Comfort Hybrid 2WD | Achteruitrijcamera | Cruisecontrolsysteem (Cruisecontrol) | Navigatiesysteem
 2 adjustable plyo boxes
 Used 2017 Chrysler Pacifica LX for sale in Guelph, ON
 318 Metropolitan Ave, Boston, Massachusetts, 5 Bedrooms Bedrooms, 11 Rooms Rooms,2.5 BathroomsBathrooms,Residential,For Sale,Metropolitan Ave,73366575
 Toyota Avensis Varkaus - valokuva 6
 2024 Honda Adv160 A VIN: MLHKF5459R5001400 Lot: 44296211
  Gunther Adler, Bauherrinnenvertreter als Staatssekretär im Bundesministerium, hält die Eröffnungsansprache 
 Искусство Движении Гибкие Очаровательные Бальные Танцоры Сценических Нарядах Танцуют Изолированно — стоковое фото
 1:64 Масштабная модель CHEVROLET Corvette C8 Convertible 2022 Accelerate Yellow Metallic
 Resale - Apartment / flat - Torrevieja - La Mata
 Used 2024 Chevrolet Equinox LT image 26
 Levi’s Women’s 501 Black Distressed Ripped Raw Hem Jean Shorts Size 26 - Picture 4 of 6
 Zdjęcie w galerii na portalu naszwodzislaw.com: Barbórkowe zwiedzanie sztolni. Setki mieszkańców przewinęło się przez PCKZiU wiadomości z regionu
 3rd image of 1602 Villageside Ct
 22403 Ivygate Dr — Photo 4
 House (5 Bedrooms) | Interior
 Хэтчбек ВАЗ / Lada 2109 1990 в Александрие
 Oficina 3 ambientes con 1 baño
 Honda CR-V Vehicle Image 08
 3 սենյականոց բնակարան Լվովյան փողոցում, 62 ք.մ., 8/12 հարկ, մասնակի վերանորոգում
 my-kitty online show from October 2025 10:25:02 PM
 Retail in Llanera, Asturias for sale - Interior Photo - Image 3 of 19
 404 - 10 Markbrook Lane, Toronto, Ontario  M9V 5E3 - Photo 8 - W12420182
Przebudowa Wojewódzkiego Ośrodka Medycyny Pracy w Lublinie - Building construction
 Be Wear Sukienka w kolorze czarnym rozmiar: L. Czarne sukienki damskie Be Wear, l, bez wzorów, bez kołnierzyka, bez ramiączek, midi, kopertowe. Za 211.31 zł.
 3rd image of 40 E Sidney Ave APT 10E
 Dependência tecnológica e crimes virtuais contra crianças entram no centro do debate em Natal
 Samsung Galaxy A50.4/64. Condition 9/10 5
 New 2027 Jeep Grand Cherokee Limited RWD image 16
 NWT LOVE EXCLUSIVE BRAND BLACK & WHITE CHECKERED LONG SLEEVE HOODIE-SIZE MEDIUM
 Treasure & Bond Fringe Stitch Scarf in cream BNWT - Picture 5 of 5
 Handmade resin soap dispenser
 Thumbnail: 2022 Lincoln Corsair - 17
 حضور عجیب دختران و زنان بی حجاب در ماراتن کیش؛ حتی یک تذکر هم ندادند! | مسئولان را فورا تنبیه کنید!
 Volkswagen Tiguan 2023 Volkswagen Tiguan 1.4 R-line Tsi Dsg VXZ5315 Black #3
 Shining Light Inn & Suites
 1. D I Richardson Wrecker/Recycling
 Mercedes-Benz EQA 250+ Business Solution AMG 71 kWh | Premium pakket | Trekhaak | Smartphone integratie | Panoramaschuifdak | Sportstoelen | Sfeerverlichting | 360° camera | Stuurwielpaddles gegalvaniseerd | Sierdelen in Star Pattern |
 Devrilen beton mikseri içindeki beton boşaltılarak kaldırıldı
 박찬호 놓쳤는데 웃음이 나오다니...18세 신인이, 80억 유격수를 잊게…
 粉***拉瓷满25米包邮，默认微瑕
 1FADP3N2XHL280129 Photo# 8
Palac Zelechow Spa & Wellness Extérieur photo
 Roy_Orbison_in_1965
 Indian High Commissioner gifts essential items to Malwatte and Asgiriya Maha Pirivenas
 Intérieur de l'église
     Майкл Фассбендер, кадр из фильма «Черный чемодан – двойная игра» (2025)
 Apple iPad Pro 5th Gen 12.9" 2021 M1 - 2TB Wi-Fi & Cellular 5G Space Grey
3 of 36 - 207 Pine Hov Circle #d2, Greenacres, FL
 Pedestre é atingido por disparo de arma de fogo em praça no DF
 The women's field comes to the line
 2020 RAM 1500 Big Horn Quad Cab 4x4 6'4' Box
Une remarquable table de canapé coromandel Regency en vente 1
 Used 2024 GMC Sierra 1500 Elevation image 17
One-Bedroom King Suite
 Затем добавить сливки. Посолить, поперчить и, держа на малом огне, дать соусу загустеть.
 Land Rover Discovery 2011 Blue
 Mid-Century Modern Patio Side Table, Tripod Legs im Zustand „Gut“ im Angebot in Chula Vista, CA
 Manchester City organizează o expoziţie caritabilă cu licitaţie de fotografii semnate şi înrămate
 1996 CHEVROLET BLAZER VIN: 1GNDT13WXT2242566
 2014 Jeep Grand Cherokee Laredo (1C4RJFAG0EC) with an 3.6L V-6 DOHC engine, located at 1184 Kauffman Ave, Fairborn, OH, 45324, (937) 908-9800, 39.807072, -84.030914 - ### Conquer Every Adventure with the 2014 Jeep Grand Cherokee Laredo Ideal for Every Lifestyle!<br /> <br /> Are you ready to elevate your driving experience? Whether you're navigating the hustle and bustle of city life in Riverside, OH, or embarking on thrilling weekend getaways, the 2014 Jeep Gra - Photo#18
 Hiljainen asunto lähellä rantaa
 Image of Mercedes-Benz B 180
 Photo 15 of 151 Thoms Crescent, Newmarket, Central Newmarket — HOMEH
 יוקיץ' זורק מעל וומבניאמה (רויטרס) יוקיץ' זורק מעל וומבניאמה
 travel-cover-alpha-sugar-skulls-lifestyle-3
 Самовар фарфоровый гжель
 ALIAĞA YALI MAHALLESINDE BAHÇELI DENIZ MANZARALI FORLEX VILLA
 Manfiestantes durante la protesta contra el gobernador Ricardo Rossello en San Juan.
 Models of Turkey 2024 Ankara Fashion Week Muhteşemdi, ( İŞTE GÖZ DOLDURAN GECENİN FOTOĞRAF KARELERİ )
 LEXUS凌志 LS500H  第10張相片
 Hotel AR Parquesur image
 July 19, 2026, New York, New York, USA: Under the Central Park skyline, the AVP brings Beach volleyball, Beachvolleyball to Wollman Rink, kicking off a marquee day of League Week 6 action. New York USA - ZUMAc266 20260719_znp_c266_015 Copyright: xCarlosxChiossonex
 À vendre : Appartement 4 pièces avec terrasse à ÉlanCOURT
+-------+
| DESCRIPTION OF THE TASK |
Work out how many lines of the records contain the string "Central". Nothing but the number should be written.

| ANSWER BOX |
2